If you've ever tried and failed to load a non-publicly exported symbol in macOS via dlsym() or similar only to have it epically fail, this code is meant to help with that.
The code in this repo is largely a mashup of works by Jonathan Levin and various StackOverflow posts. While not intentionally copied, the code in this repo is extremely similar to the aforementioned resources. All credit for the discovery and publication of these methods belongs to them.
Additionally, this code makes use of the CoreSymbolication Private Framework provided by Apple that is built into macOS.

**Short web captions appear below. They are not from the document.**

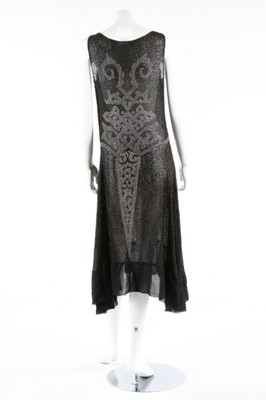 Lot 135 - A beaded black muslin flapper dress, circa...
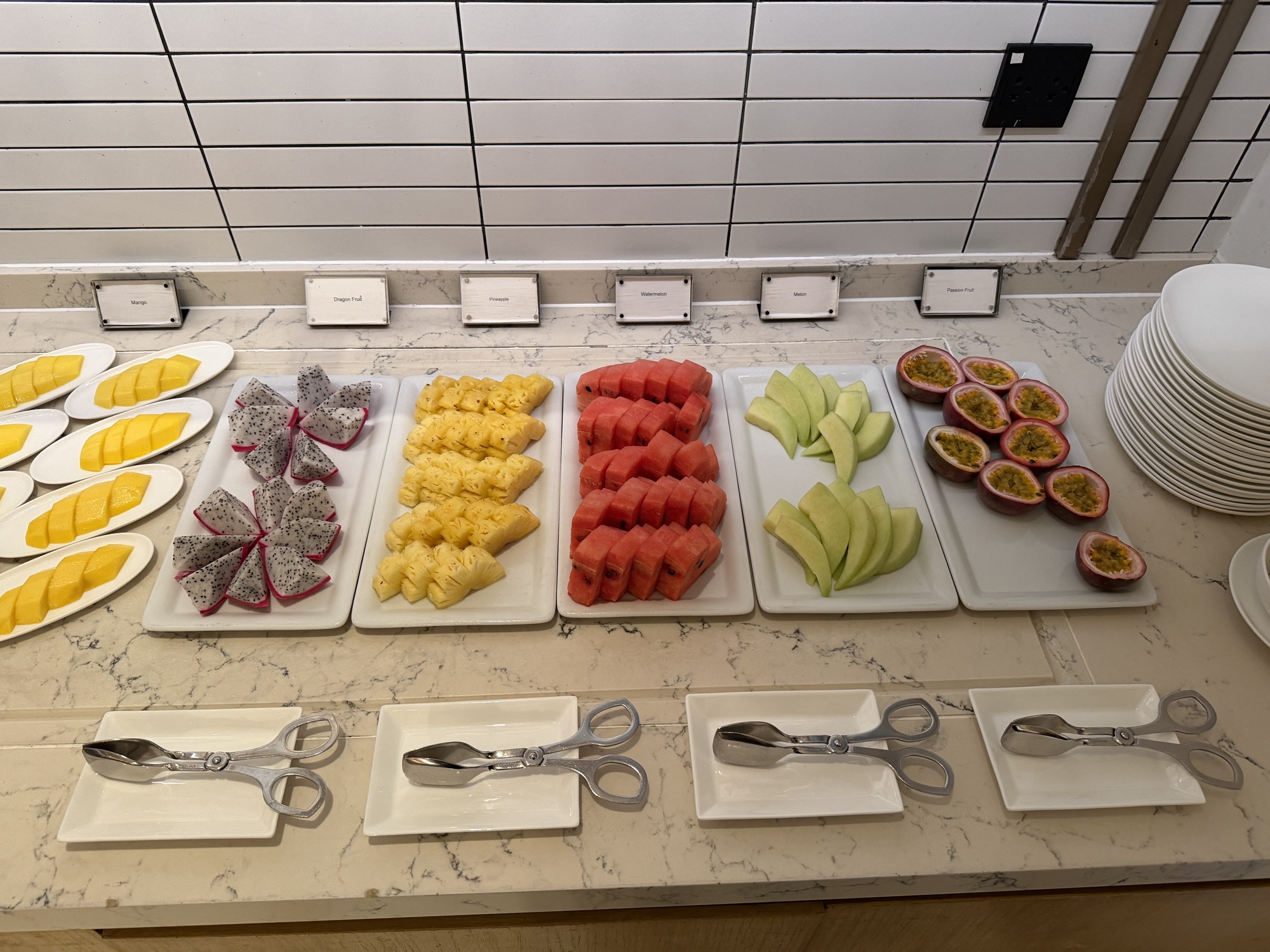 Sliced tropical fruit including mango and dragon fruit at Four Seasons Hotel Bangkok at Chao Phraya River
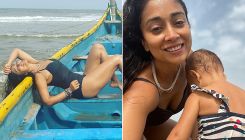 Shriya Saran looks smoking hot in a black monokini as she plays with her daughter on the beach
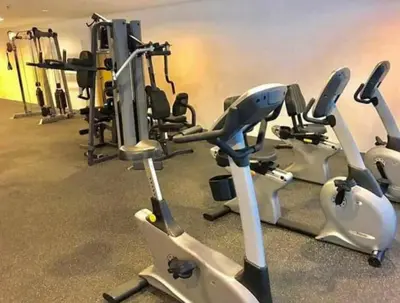a gym with several exercise bikes and tread machines at Grace Residences Condotel Paris & Singapore Concept Near McKinley in Manila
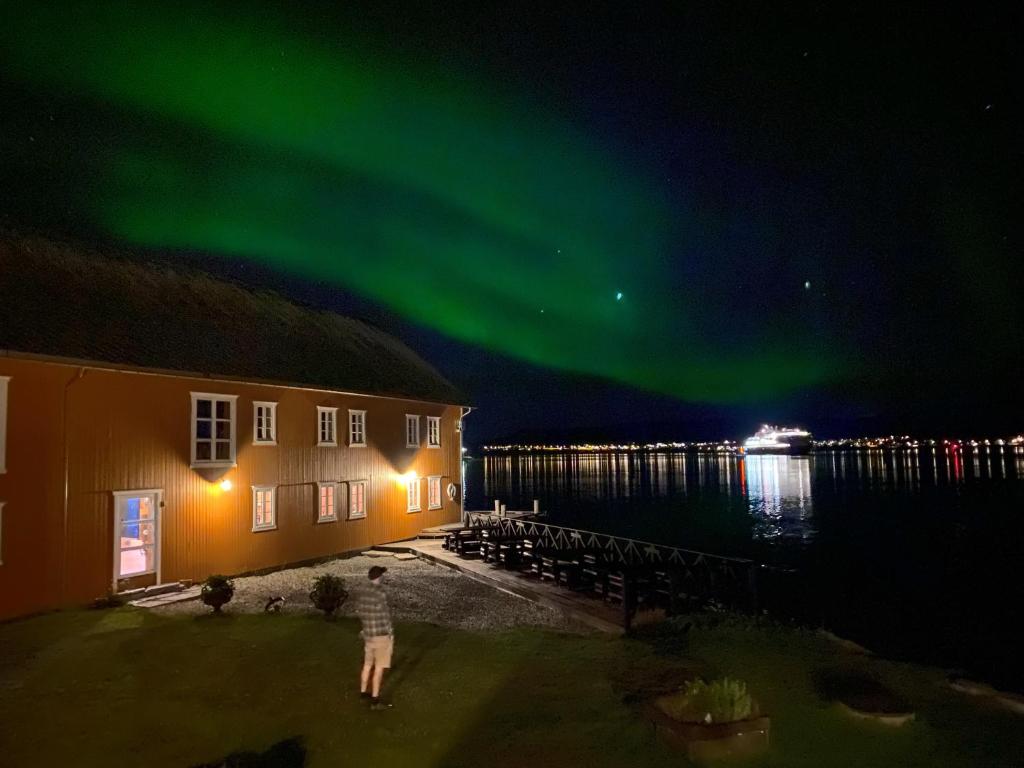 eine Person, die vor einem Haus unter den Nordlichtern steht in der Unterkunft Sandtorgholmen Hotel - Best Western Signature Collection in Harstad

This framework was long ago reversed by Mountain Storm. The headers they reversed are used in this repo.
An example use case has been provided via example.c. This example finds the symbol for LSServerMain() -- the main routine for the LaunchServices framework -- and runs it. While this isn't the most robust or functionally complete test case, it should accurately demonstrate usage.
I personally have a habit of copying necessary frameworks to my working directory. For this example, copy /System/Library/PrivateFrameworks/CoreSymbolication.framework/CoreSymbolication to your working directory. Compile via clang example.c symbol_resolver.c CoreSymbolication -o test_me.
The example output will load the LaunchServices framework via dlopen(), find the symbol for LSServerMain(), and then run the function.
Output:
dinobytes at hostname in ~/dev/macos_symbol_resolver
$ ls
CoreSymbolication CoreSymbolication.h example.c readme.md symbol_resolver.c symbol_resolver.h
dinobytes at hostname in ~/dev/macos_symbol_resolver
$ clang example.c symbol_resolver.c CoreSymbolication -o test_me
dinobytes at hostname in ~/dev/macos_symbol_resolver
$ ./test_me
[+] Resolving symbols... Done
Symbol resides at: 0x7fff4778098d
^C
If you'd rather not copy and manage frameworks yourself, you're free to copy CoreSymbolication.h for the CoreSymbolication.framework directory, though you may need to disable SIP. To compile this way, you'll want to use something like clang -F/System/Library/PrivateFrameworks/ -framework CoreSymbolication example.c symbol_resolver.c -o test_me.